Data below Block Start
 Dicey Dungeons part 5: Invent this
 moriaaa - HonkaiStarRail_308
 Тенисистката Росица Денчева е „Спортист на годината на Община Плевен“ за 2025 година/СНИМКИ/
Data below Block End
Try it — Reproduce the data. Match each line exactly.

Solution to this problem —
 Dicey Dungeons part 5: Invent this
 moriaaa - HonkaiStarRail_308
 Тенисистката Росица Денчева е „Спортист на годината на Община Плевен“ за 2025 година/СНИМКИ/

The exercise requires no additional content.